When it comes to popular culture, people have always viewed those with incredible physical capabilities as special. They tune in and travel far to watch them compete against others of the same physical prowess or to heroically defeat a situation that they feel is difficult.
This category of entertainment is most famously recognised in ancient Rome. Gladiators face off against each other in perilous bouts within a wide arena for the public’s viewing pleasure. Thousands of years after such styles of combat, we continue the tradition with televised sports like WWE wrestling, professional Rugby League and Rugby Union and the most recent addition to intense physical sports and of course Australian Ninja Warrior.
Though Australian Ninja Warrior (ANW) can’t be directly compared to the tenacity of pro wrestling, or the raw athleticism of Rugby League. The intense display of physical feats gets the blood boiling all the same way. That being said, it is attracting an audience that one might consider impressionable; obviously, the children. But with the rise in popularity of such a “sport” the question arises: how does this impact the youth?
The impact of being exposed to Australian Ninja Warrior is positive. The team-building experiences formed through group activities help improve social skills. The general strength training and body awareness that comes from the ninja courses are all good things for kids to develop, regardless of ability.
Many children are now involved in ninja courses due to the popularity of Australian Ninja Warrior. Through this they have been able to develop their social skills and most importantly have been able to make new friends. In many instances a little ninja will conquer an obstacle and then watch themselves perform like a ninja warrior in video playbacks from their parents, which additionally develops their confidence tremendously.
There is a growing trend of many kids deciding they no longer want to participate in mainstream sports.
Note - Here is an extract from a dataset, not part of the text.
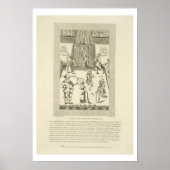 Innen des Red Bull Playhouse, frontispiece to Poster (Vorne)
Ninja has become that go-to activity where a child simply sets their own pace and whilst is an individual based performance, the engagement with others is certainly a factor. Many kids will come together to help and demonstrate their techniques in conquering that cumbersome obstacle.
To further enhance the growing trend many gyms/studios have established purpose built programs that allow kids to come together and learn the techniques as well as develop new ones. Ninja classes do need to be quite compressed and generally only run over 4 week blocks. This simply allows the kids to focus on outcomes that will keep them focused and of course achievable – it is tough work being a Ninja. One of the greatest aspects though is the inclusiveness as the classes attract children with disabilities such as Autism, Hearing impairments and social issues just to name a few.
In such a busy and fast paced world there is simply no better way to reduce that screen time and get your kids active in this exciting new movement known as NINJA!